Pflegende müssen geschützt werden

Sandra Postel, Präsidentin der Pflegekammer NRW, hält viel von solchen systemischen Maßnahmen. „Gewalt ist ein zunehmendes Problem, auch auf den regulären Stationen in den Kliniken und sogar in der ambulanten Pflege. Pflegende müssen geschützt werden, und da sind Klinikleitungen in der Pflicht.“ So wisse man sehr genau, dass eine Überfüllung der Notaufnahme und das Gefühl von Patienten, nicht gesehen zu werden, Situationen eskalieren ließen. Dem könne man durch Umbauten und Schulungen vorgreifen.
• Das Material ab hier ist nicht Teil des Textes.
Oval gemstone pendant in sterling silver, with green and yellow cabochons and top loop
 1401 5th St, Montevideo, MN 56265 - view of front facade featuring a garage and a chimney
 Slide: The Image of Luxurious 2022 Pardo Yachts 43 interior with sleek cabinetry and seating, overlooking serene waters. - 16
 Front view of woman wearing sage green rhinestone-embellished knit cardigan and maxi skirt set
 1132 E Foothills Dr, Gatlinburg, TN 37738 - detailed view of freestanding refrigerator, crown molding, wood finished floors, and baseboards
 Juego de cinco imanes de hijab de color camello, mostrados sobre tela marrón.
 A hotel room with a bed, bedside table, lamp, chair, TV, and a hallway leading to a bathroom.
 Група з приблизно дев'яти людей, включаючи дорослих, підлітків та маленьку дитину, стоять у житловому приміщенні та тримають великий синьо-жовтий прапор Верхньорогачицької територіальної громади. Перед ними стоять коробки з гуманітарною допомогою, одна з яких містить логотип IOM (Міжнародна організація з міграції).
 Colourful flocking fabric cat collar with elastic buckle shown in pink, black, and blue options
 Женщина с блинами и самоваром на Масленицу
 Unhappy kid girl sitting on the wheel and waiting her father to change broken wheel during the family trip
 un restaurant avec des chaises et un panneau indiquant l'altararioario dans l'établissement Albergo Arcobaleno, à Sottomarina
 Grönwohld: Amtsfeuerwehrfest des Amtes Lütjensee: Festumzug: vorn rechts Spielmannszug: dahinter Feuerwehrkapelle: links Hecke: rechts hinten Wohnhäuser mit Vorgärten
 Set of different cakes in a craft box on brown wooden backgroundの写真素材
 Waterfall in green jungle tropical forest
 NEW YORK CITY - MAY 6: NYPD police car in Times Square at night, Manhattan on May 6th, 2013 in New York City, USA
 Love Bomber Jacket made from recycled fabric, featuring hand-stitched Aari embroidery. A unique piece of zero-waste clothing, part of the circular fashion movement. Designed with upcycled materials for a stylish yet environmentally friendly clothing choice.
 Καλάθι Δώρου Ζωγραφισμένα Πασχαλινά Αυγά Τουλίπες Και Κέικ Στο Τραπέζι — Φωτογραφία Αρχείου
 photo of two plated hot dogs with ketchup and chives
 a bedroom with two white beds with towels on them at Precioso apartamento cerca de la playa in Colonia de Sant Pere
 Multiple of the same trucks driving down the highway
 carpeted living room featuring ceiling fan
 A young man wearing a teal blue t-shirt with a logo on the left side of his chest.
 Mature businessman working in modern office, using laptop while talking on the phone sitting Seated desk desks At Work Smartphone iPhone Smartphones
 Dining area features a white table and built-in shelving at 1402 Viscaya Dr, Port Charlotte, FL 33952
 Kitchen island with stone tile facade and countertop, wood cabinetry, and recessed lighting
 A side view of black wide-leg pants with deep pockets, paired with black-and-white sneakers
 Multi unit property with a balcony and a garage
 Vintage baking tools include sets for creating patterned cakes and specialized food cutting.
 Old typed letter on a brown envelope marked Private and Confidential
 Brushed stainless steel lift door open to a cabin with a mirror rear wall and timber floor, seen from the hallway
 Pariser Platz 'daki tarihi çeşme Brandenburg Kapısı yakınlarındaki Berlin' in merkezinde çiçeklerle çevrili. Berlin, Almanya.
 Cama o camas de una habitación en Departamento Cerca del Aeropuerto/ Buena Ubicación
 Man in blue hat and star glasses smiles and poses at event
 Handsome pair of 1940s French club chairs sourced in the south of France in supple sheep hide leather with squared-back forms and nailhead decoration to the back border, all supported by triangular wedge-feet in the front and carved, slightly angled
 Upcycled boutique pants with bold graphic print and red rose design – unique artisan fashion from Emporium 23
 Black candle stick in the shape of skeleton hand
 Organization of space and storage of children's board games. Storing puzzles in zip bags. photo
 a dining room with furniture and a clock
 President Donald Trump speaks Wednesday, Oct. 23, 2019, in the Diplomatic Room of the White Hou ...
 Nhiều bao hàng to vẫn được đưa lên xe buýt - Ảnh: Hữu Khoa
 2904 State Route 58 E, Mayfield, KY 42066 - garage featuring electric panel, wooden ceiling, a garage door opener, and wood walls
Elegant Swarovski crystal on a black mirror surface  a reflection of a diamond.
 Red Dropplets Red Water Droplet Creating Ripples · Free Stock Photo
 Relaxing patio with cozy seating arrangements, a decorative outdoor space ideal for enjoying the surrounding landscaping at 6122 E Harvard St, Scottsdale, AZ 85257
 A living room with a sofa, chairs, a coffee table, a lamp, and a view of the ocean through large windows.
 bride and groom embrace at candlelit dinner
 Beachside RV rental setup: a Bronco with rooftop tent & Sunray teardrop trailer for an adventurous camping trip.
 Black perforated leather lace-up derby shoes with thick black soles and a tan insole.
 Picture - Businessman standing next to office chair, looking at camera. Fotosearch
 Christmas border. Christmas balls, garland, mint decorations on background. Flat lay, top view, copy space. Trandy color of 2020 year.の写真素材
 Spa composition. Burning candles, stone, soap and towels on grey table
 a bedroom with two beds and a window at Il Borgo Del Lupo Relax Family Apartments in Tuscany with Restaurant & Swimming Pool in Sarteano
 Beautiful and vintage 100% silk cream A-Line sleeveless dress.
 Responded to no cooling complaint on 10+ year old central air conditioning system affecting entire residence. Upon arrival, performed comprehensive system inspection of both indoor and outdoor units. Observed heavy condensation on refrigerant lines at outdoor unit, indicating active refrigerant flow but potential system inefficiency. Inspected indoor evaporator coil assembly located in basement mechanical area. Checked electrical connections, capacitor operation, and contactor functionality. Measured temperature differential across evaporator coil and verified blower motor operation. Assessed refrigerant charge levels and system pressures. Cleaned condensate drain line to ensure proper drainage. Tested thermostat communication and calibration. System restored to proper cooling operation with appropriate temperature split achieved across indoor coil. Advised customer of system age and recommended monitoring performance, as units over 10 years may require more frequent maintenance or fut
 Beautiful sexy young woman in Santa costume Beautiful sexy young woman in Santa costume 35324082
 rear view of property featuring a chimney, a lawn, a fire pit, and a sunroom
Sandra Postel, Präsidentin der Pflegekammer, fordert Gegenmaßnahmen.
Sandra Postel, Präsidentin der Pflegekammer, fordert Gegenmaßnahmen. © FUNKE Foto Services | Fabian Strauch

„Den Übergriff in Essen verurteilen wir aufs Schärfste und fordern null Toleranz gegen jede Form von Gewalt“, so Postel. „Jetzt muss erst einmal die Straftat verfolgt werden und unsere Aufmerksamkeit den Opfern gelten.“ Nötig sei aber in einem zweiten Schritt, über Gegenmaßnahmen zu sprechen. Dazu gehöre auch eine Meldestelle, an die sich betroffene Klinikkräfte wenden können. „Wir haben keinen validen Überblick, da ist bislang zu wenig passiert.“ Wenig hält Postel von Kameras oder sogar Bodycams für Pflegefachpersonen, die anderswo diskutiert würden.

Kampfsport-Training für das Klinikpersonal

Vielerorts reagieren die Kliniken bereits. Es gibt Diensthandys mit Notruftaste, Gegensprechanlagen an den Notaufnahmen, mancherorts auch Wachpersonal, das die Kliniken aus eigener Tasche zahlen müssen. Und die Häuser werden offensiver. Sie schützen ihr Personal nicht nur, sondern schulen es in Verteidigungsstrategien. Die Berliner Kliniken des Deutschen Roten Kreuzes bieten ihrem Personal seit September Kampfsport-Training an, ähnliche Angebote gibt es in NRW. Inzwischen gibt es sogar Kampfsportschulen, die gezielt Selbstverteidigungskurse für Personal in Arztpraxen oder Kliniken anbieten. Die Nachfrage sei hoch, heißt es auf den Internetseiten von den Anbietern.